Liam movió todo el tronco hacia un lado y otro del sofá en busca de los cigarrillos.

– La policía se lo llevó -dijo-. Sólo necesitaban la cinta, pero creo que se llevaron el aparato sólo para fastidiarme.

Liam vio los cigarrillos en el suelo, se inclinó con cuidado y sacó uno de la cajetilla. La miró mientras se lo encendía y le tiró el paquete.

Maureen cogió uno.

– Podríamos ir a mi casa -dijo- y coger mi contestador.

– ¿Y la policía te dejará entrar?

– Sí, me han dicho que ya puedo volver a casa.

– ¿Ya has estado allí?

– No.

– Vamos -dijo Liam, y se levantó con gran esfuerzo del sofá.
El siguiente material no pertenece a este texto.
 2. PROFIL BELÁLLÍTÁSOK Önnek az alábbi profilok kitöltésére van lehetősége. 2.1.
No estaba lloviendo, así que no cogieron el coche sino que fueron andando a Garnethill y subieron la cuesta empinada hasta su piso. Cuando llegaron al final de las escaleras, Liam estaba sudando.

– Dios mío -dijo-, no estoy nada en forma.
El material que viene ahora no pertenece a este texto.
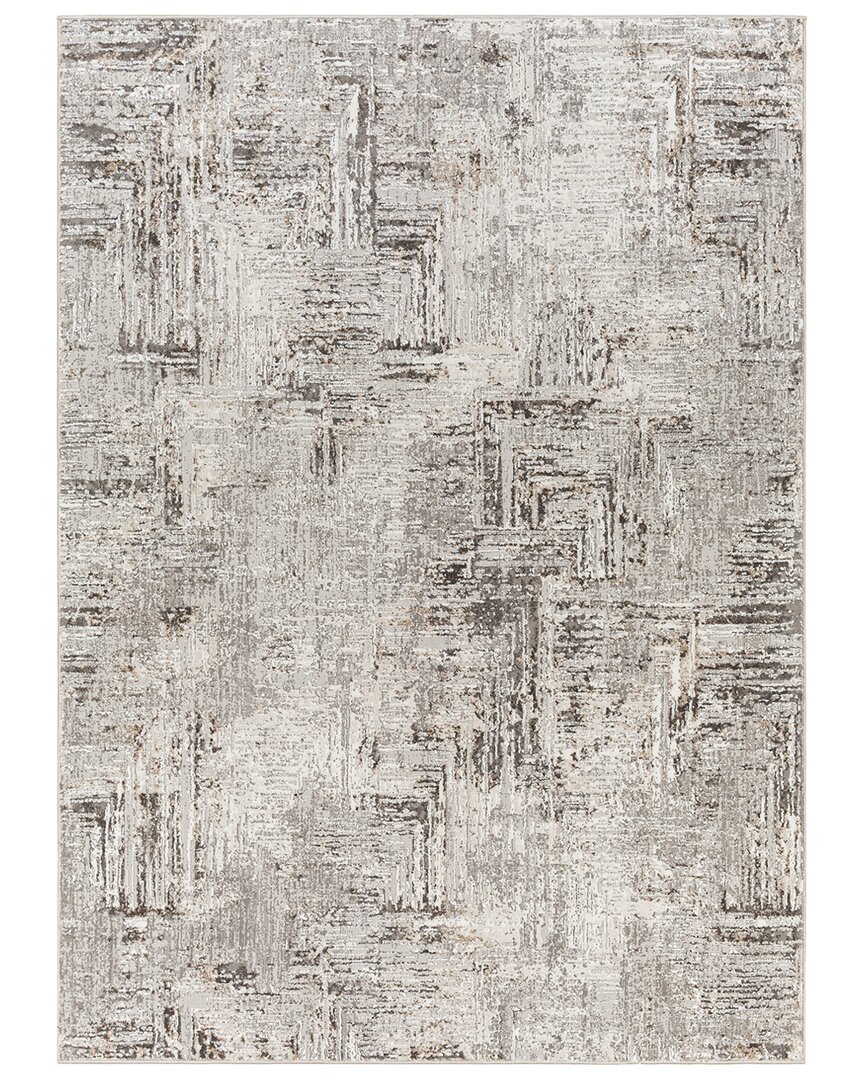 Surya Allegro Polyester Rug In Grey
Maureen metió la llave en la cerradura y abrió la puerta. Liam alargó la mano para evitar que entrara primero.

– Yo iré -dijo, y se secó el sudor de la frente reluciente-. Echaré un vistazo.

Maureen esperó fuera y se puso a rascar la capa de pintura gruesa y correosa del marco de la puerta. Cuando Liam salió para darle su aprobación, estaba pálido de la impresión.

Maureen entró nerviosa en el recibidor. Liam había cerrado la puerta del salón. Hacía calor. Los vecinos del piso de abajo debían de tener la calefacción encendida. El olor salado del salón flotaba en el vestíbulo: Maureen intentó respirar sin tomar mucho aire para que el olor no le penetrara en los pulmones. La pintura del armario del recibidor tenía marcas pegajosas allí donde antes estaba la cinta adhesiva. Había un papel en el suelo; estaba doblado por la mitad y lo habían metido por debajo de la puerta. Era una nota de Jim Maliano, el vecino de enfrente, que le decía que llamara a su piso cuando volviera, que había hecho demasiada lasaña, que no le cabía en el congelador, y que si quería un poco. Maureen pulsó la tecla de reproducción de mensajes de su contestador y le pasó la nota a Liam.

– ¿Es el capullo de enfrente? -le preguntó.

– Sí, pero ya no es un capullo. Me gusta.

– No sabía que te gustara tanto la lasaña -le dijo Liam, y giró la parte superior del cuerpo para devolverle la nota.